In dem angenehm altmodischen Bahnhof von Sinaia bin ich in den Zug gestiegen, der jetzt gemächlich durch das enge, bewaldete Karpatental schaukelt. Ich setze mich in den letzten, fast leeren Wagon, obwohl sich mein reservierter Sitz im brechend vollen ersten Wagon befindet. Die Berge werden flacher, sind jetzt nur noch bewaldete Hügel, und dann sind sie ganz weg. Der Zug nimmt Fahrt auf und mit ganz ordentlicher Geschwindigkeit geht es über die walachische Ebene.
Plötzlich trötet mein Handy. Nicht nur Meines: Alle Anwesenden erhalten per Cell Broadcast eine Warnmeldung der rumänischen Regierung: extreme Hitzewarnung, Aufenthalt im Freien bitte vermeiden und das Reisen auch! In Bukarest soll es 36 Grad haben.
Wir nähern uns der Hauptstadt durch die üblichen Vorortlandschaften, Bahnhofslandschaften, Rangierbahnhöfe, abgestellte Lokomotiven und Wagons… dann heißt es Aussteigen in Bukarest-Nord. Hier ist es tatsächlich sommerlich heiß.
Ich habe eine halbe Stunde zum Umsteigen, schaue mich um in der langgestreckten Bahnhofshalle, werfe einen Blick auf den Vorplatz, gepflegte Cafés und eine große Schalterhalle mit langen Schlangen vor den Fahrkartenschaltern. In der Zwischenebene zur Metro liegen mehrere Obdachlose.
Mein Zug nach Constanța steht schon bereit, besteht nur aus drei Wagons, ist brechend voll und die Klimaanlage scheint nicht richtig zu funktionieren. Innerhalb kürzester Zeit bin ich nassgeschwitzt. Alle schwitzen.

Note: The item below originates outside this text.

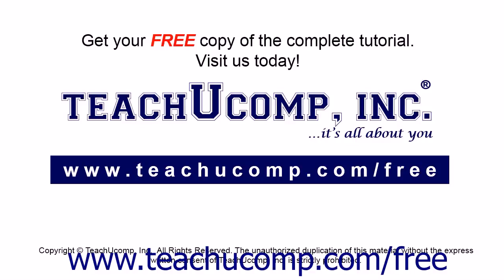Get your free copy of the complete tutorial at www.teachucomp.com/free.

Mit ganz ordentlichem Tempo geht es über das flache Land, ein Stück weit parallel zur Autobahn, dann überqueren wir die Donau, haben die Walachei verlassen und befinden uns in der Dobrudscha. Diese Region gehörte jahrhundertelang zum Osmanischen Reich und auch heute noch gibt es hier eine starke muslimische Minderheit. Fun Fact aus Wikipedia: die Dobrudscha – die Region zwischen linkem Donauufer und Schwarzem Meer – gehört geographisch zum Balkan, der Rest von Rumänien hingegen nicht.
Pünktlich kommen wir in Constanța an, ich finde mein Hotel – erstmal durchatmen, duschen, nochmal duschen und dann mal los in die Stadt.
Und dann sehe ich zum ersten Mal das Meer: blauer Himmel, Hafenkräne, Lagerhäuser, große Schiffe und links davon auf einer Landzunge das, was ich für die Altstadt halte mit der goldenen Kuppel einer orthodoxen Kirche und gleich daneben einer Moschee.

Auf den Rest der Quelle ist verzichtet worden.